Antennas, devices and systems based on metamaterial structures description/claims

This application claims the benefits of the following U.S. Provisional Patent Applications:

1. Ser. No. 60/795,845 entitled “Compact Multiple Input Multiple Output (MIMO) Antenna Systems Using Metamaterials” and filed on Apr. 27, 2006;

2. Ser. No. 60/840,181 entitled “Broadband and Compact Multiband Metamaterial Structures and Antennas” and filed on Aug. 25, 2006; and

3. Ser. No. 60/826,670 entitled “Advanced Metamaterial Antenna Sub-Systems” and filed on Sep. 22, 2006.

The disclosures of the above applications are incorporated by reference as part of the specification of this application.

This application relates to metamaterial (MTM) structures and their applications.

The propagation of electromagnetic waves in most materials obeys the right handed rule for the (E,H,β) vector fields, where E is the electrical field, H is the magnetic field, and β is the wave vector. The phase velocity direction is the same as the direction of the signal energy propagation (group velocity) and the refractive index is a positive number. Such materials are “right handed” (RH). Most natural materials are RH materials. Artificial materials can also be RH materials.

A metamaterial is an artificial structure. When designed with a structural average unit cell size p much smaller than the wavelength of the electromagnetic energy guided by the metamaterial, the metamaterial can behave like a homogeneous medium to the guided electromagnetic energy. Different from RH materials, a metamaterial can exhibit a negative refractive index where the phase velocity direction is opposite to the direction of the signal energy propagation where the relative directions of the (E,H,β) vector fields follow the left handed rule. Metamaterials that support only a negative index of refraction are “left handed” (LH) metamaterials.

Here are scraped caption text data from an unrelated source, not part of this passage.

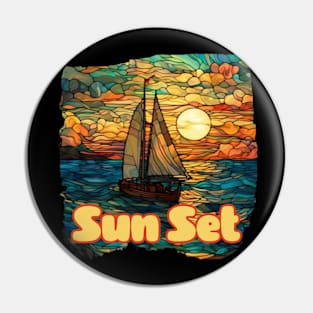 sun set Pin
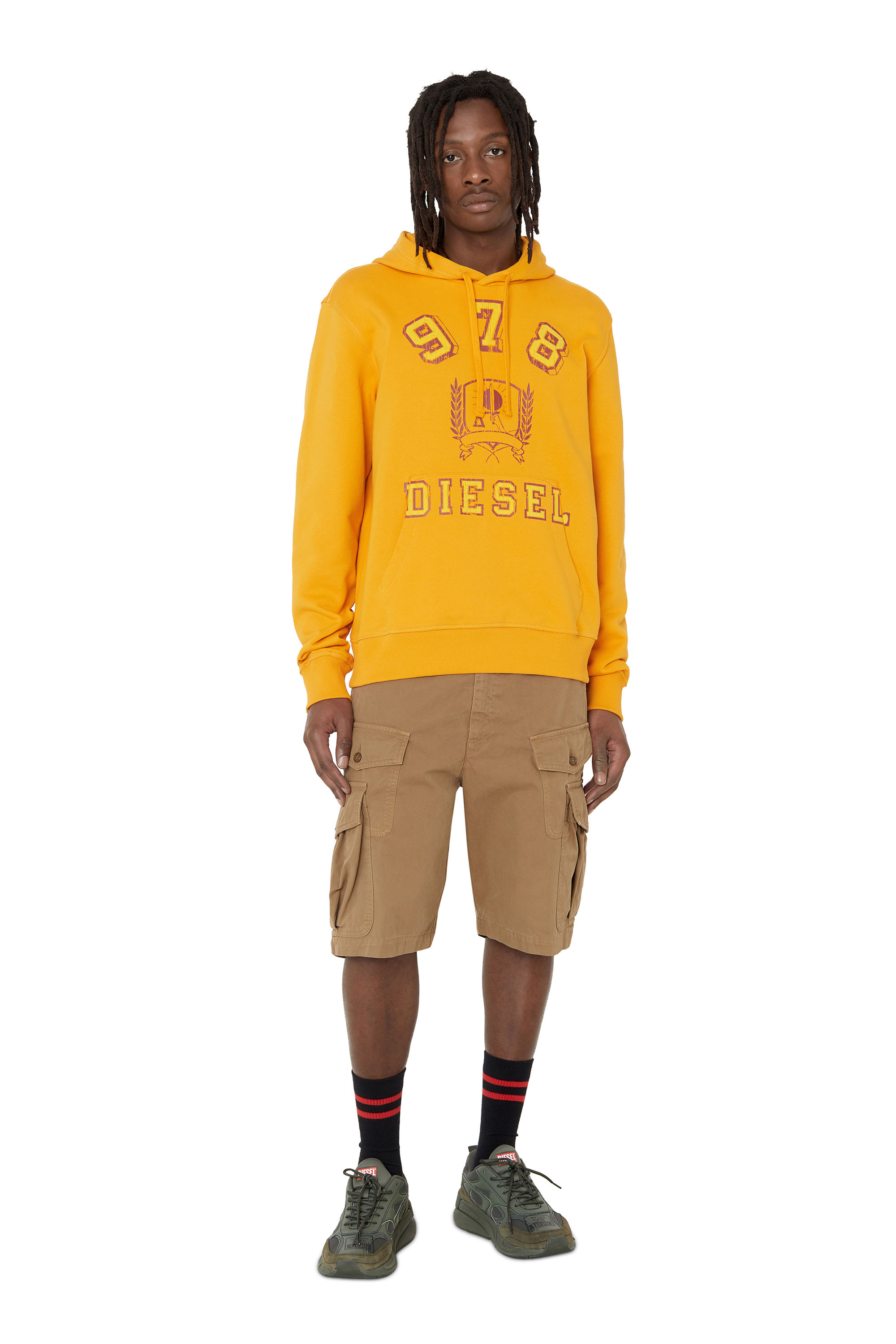 Diesel - S-GINN-HOOD-E5, Yellow - Image 2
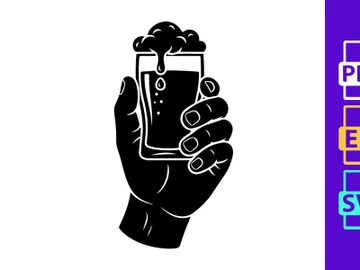 Hand Holding Beer preview picture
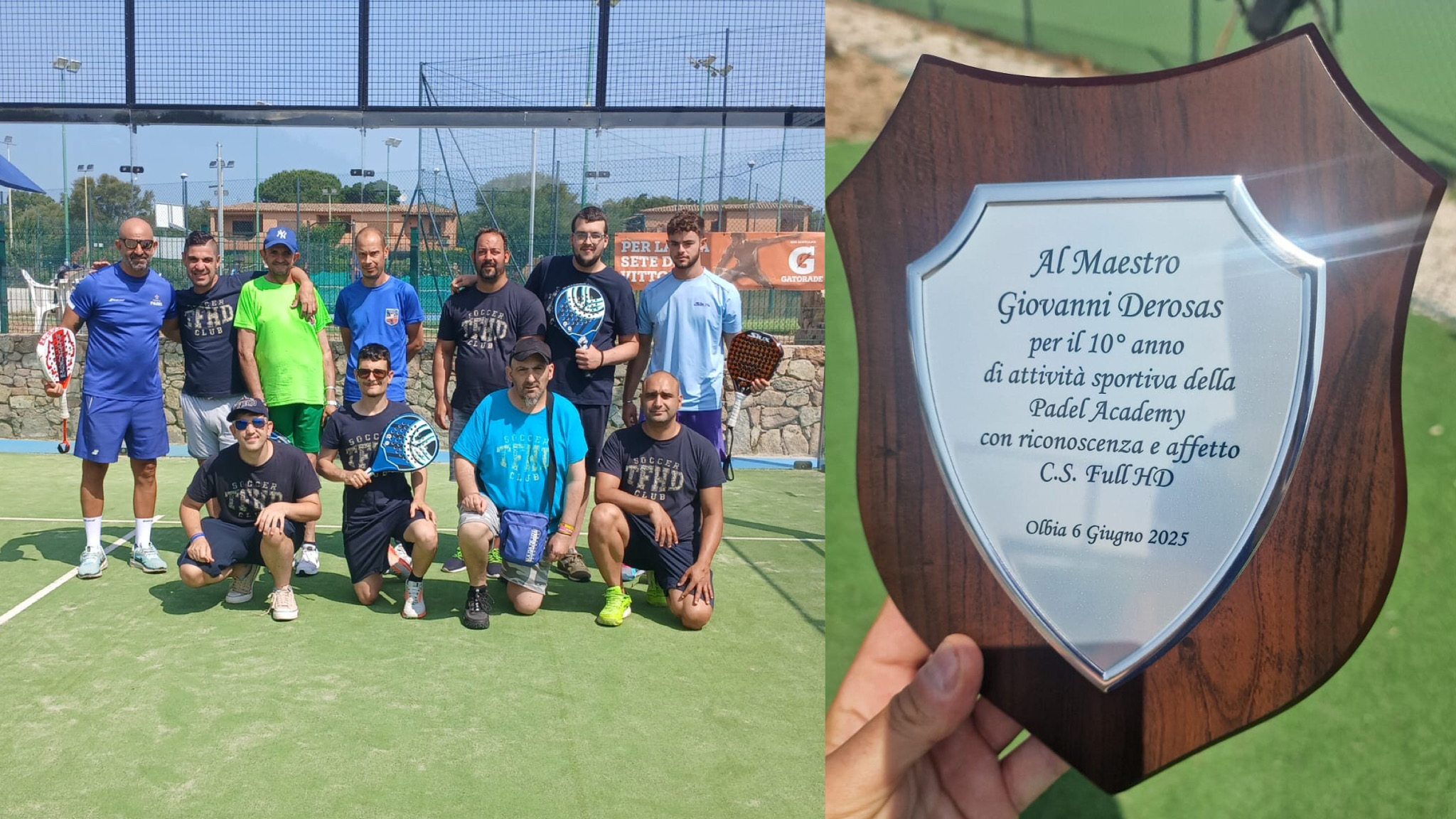 Olbia, i 10 anni con il padel del maestro internazionale Giovanni Derosas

Many metamaterials are mixtures of LH metamaterials and RH materials and thus are Composite Left and Right Handed (CRLH) metamaterials. A CRLH metamaterial can behave like a LH metamaterials at low frequencies and a RH material at high frequencies. Designs and properties of various CRLH metamaterials are described in, Caloz and Itoh, “Electromagnetic Metamaterials: Transmission Line Theory and Microwave Applications,” John Wiley & Sons (2006). CRLH metamaterials and their applications in antennas are described by Tatsuo Itoh in “Invited paper: Prospects for Metamaterials,” Electronics Letters, Vol. 40, No. 16 (August, 2004).

CRLH metamaterials can be structured and engineered to exhibit electromagnetic properties that are tailored for specific applications and can be used in applications where it may be difficult, impractical or infeasible to use other materials. In addition, CRLH metamaterials may be used to develop new applications and to construct new devices that may not be possible with RH materials.

This application describes, among others, Techniques, apparatus and systems that use one or more composite left and right handed (CRLH) metamaterial structures in processing and handling electromagnetic wave signals. Antenna, antenna arrays and other RF devices can be formed based on CRLH metamaterial structures. For example, the described CRLH metamaterial structures can be used in wireless communication RF front-end and antenna sub-systems.

In one implementation, a device is described to include antenna elements spaced from one another and structured to form a composite left and right handed (CRLH) metamaterial structure. Each antenna element is of a dimension of one tenth of a wavelength of a signal in resonance with the CRLH metamaterial structure and two adjacent antenna elements are spaced from each other by one quarter of the wavelength or less.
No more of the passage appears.